» **Your task**: Both ends included, restate word for word the lines from the first line of the listing through the line containing "A Regency painted". Leave the pictures out.

» **Given material**:
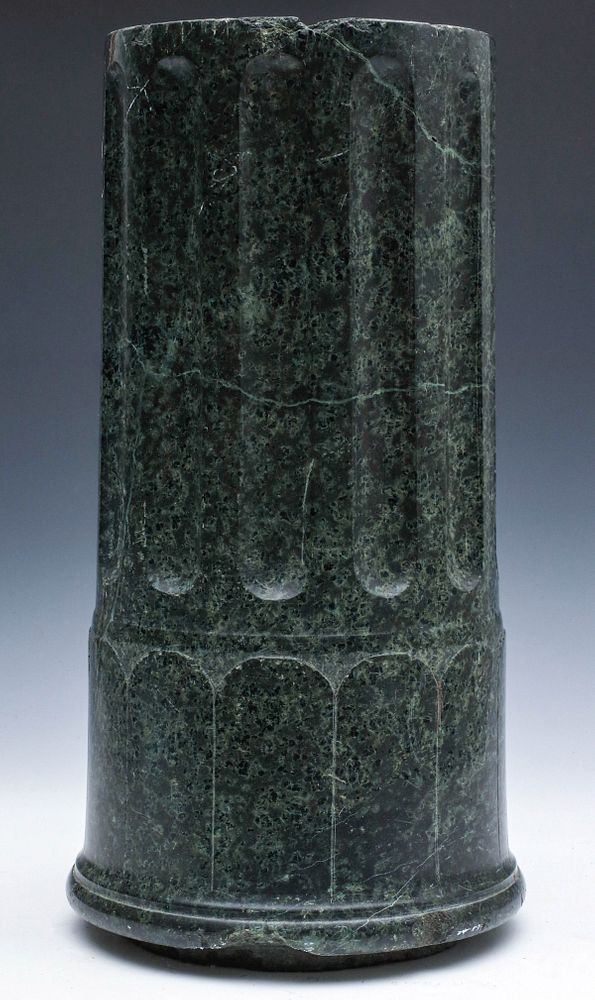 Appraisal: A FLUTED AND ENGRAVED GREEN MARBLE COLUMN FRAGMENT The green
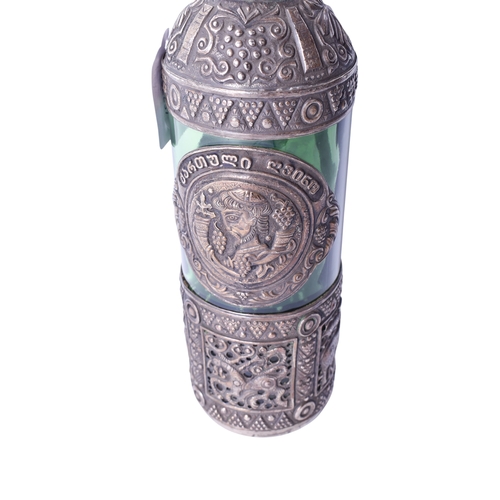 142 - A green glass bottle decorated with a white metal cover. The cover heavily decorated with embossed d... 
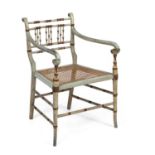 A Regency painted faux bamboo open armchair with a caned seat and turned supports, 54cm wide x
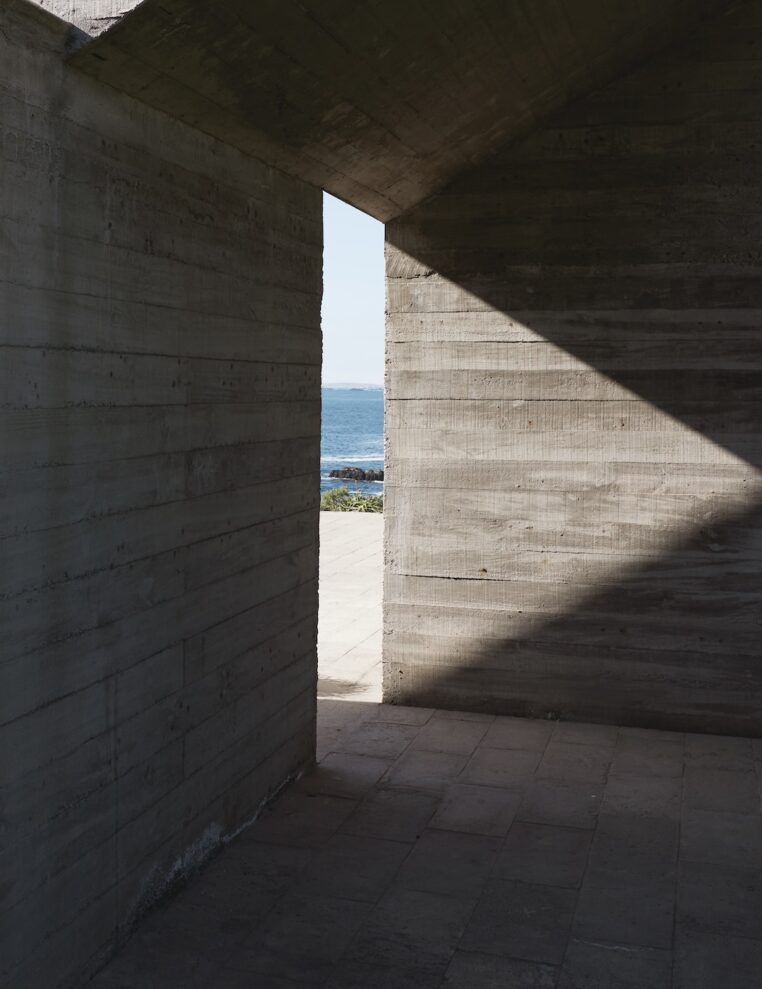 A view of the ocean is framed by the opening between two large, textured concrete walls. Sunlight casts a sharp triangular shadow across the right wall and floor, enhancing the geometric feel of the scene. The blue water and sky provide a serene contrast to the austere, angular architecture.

» **Exercise response**:
 Appraisal: A FLUTED AND ENGRAVED GREEN MARBLE COLUMN FRAGMENT The green
 142 - A green glass bottle decorated with a white metal cover. The cover heavily decorated with embossed d... 
 A Regency painted faux bamboo open armchair with a caned seat and turned supports, 54cm wide x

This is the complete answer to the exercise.